Task goal
Omit all images, then repeat exactly the lines below from the one containing "MANANATILI | Boomplay Music" through the one containing "Black Women Pride", both ends included.

[Crawled caption data]

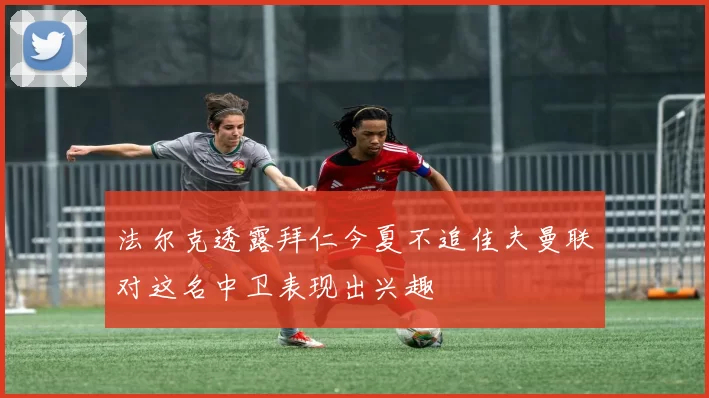 法尔克透露拜仁今夏不追佳夫曼联对这名中卫表现出兴趣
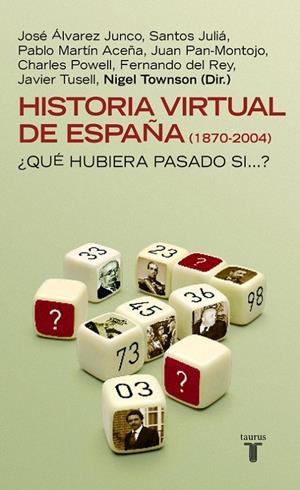 HISTORIA VIRTUAL DE ESPAÑA (1870-2004) | 9788430605187 | Nigel Townson | Librería Castillón - Comprar libros online Aragón, Barbastro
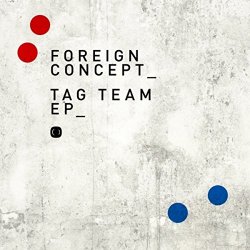 Foreign Concept - Tag Team (Original Mix)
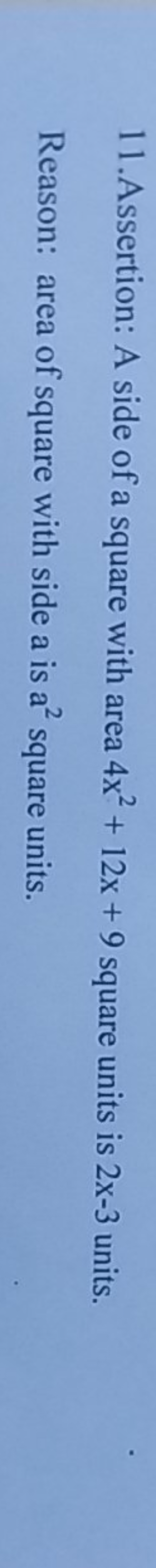 11. Assertion: A side of a square with area 4x2+12x+9 square units is 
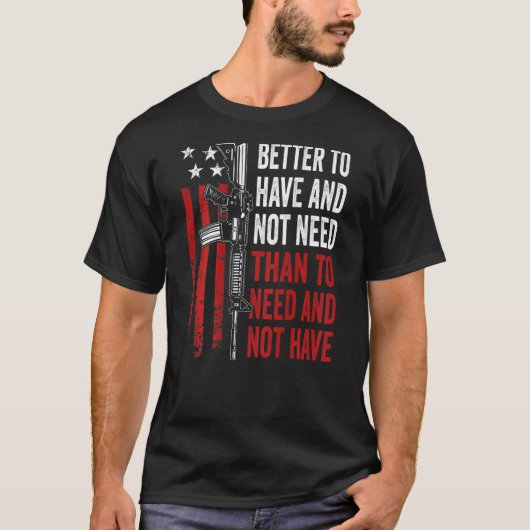 Better To Have And Not Need - Guns AR15 USA Funny  T-shirt (Voorkant)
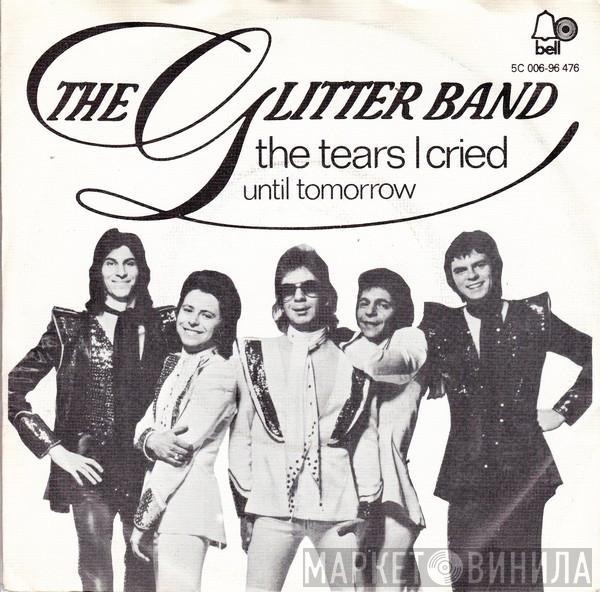  The Glitter Band  - The Tears I Cried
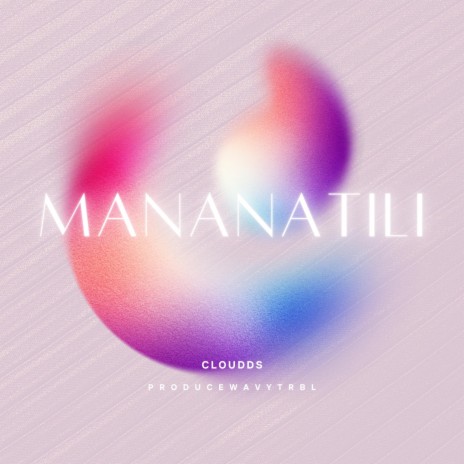 MANANATILI | Boomplay Music
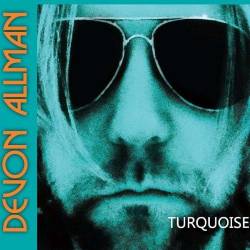 Devon Allman : Turquoise
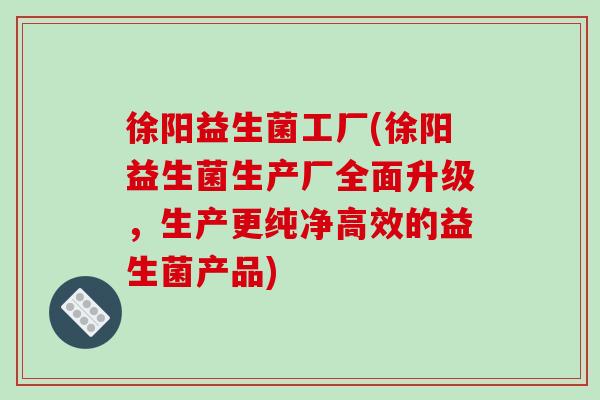 徐阳益生菌工厂(徐阳益生菌生产厂全面升级,生产更纯净高效的益生菌产品) 徐阳益生菌工厂(徐阳益生菌生产厂全面升级,生产更纯净高效的益生菌产品)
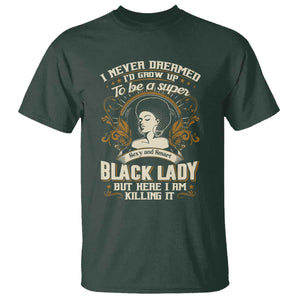 Black Women Pride T Shirt I Never Dreamed I'd Grow Up To Be A Super Sexy And Smart Black Lady TS09 Dark Forest Green Print Your Wear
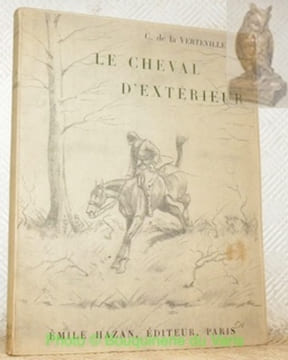 Le cheval d‘extérieur. Qualités physiques et morale. Éducation - Emploi. Note et croquis.. LA VERTEVILLE, C. de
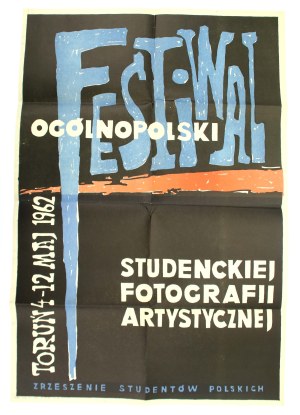 Poster of the All-Poland Festival of Student Artistic Photography. Torun, 4 - 12 May 1962 (944)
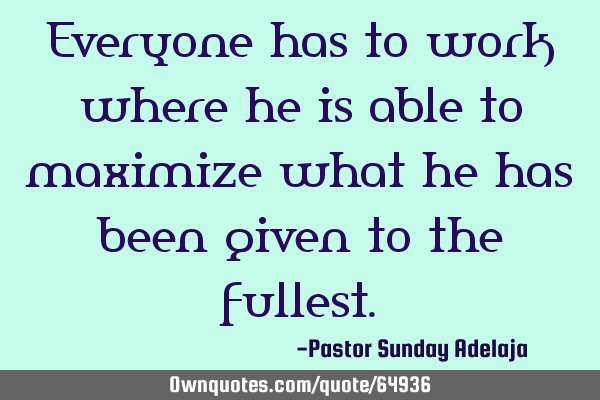 Everyone has to work where he is able to maximize what he has been given to the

Exercise output
 MANANATILI | Boomplay Music
 Devon Allman : Turquoise
 徐阳益生菌工厂(徐阳益生菌生产厂全面升级,生产更纯净高效的益生菌产品) 徐阳益生菌工厂(徐阳益生菌生产厂全面升级,生产更纯净高效的益生菌产品)
 Black Women Pride T Shirt I Never Dreamed I'd Grow Up To Be A Super Sexy And Smart Black Lady TS09 Dark Forest Green Print Your Wear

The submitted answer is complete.